24. Międzynarodowe Biennale Plakatu

Wśród zwycięzców 24. Międzynarodowego Biennale Plakatu znalazło się trzech Polaków. Sukcesowi towarzyszą zmiany w formule imprezy.

Aktualizacja: 09.06.2014 11:03 Publikacja: 09.06.2014 09:59

Wiesław Rosocha, Złoty Medal

Wiesław Rosocha, Złoty Medal

Foto: materiały prasowe

– Złoty Medal dla Wiesława Rosochy – twórcy, którego sztuka ma niekwestionowaną wartość, cieszy nas podwójnie – mówi „Rz" Mariusz Knorowski, kurator Muzeum Plakatu w Wilanowie. – Oznacza przełamanie impasu trwającego od kilku edycji, w których nie mieliśmy głównego zwycięzcy.

Zobacz galerię zdjęć

Warto przypomnieć, że regularnie odnosiliśmy na biennale sukcesy.

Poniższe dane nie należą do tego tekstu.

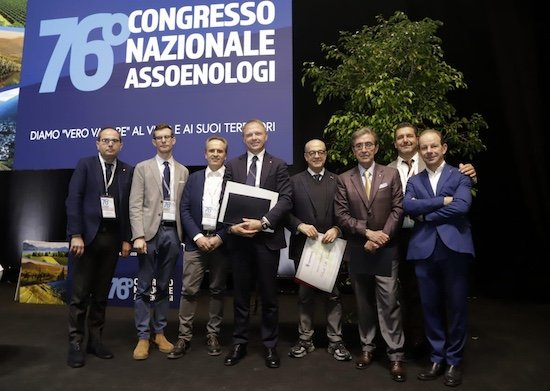 Vino. Lollobrigida: impariamo da enologi a raccontare eccellenza. PNRR fondamentale per settore – www.politicheagricole.it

Złotymi medalistami byli: Jan Lenica, Julian Pałka, Roman Cieślewicz, Waldemar Świerzy, Jan Sawka, Jan Młodożeniec.

Nagrodzony na 24. Biennale plakat Wiesław Rosocha zaprojektował na własną wystawę w Powiatowej Galerii Sztuki Współczesnej w Ostrowie Wielkopolskim. Przedstawia trzy nakładające się twarze, co kojarzy się też ze multiplikowanym wydrukiem. Twarze mają uproszczoną syntetyczną formę, a kolorystyka plakatu zredukowana została do bieli, czerni, czerwieni i szarości. Podobne w tonacji i syntetycznej formie są też prezentowane na wystawie dwa inne plakaty Rosochy – do „Trubadura" Verdiego w Operze Krakowskiej i „Arki" Teatru Ósmego Dnia.

Wszystkie trzy odchodzą od typowych dla artysty malarsko-mglistych nastrojów. I wyostrzają cechy graficzne: rysunek i kontur. Geometria zastępuje w nich symboliczny realizm.

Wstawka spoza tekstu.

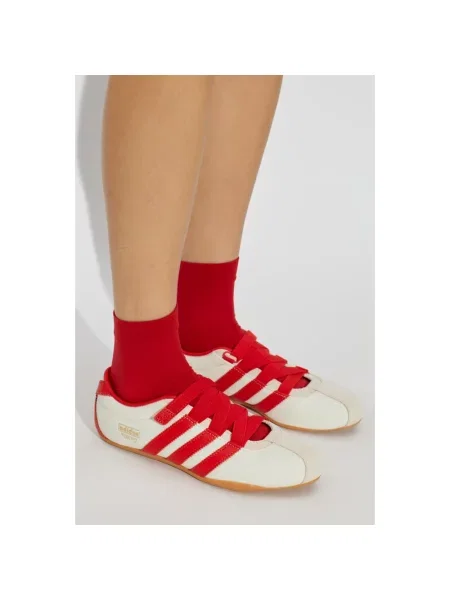 Sneakersy Adidas zamszowe beżowe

Na obecnym biennale uderza dominacja typografii. Wszelkie zabawy ze słowem, kształtem liter, ich kompozycją wydają się wszechobecne. Takie prace umieszczono w części zatytułowanej „Kształt słowa". Nie brakuje też plakatów łączących słowo ze znakiem (rysunkiem lub przetworzoną fotografią). Gdy artyści grają kombinacją wielu składników, to ich dzieła pokazywane są w części „Efekty synergii".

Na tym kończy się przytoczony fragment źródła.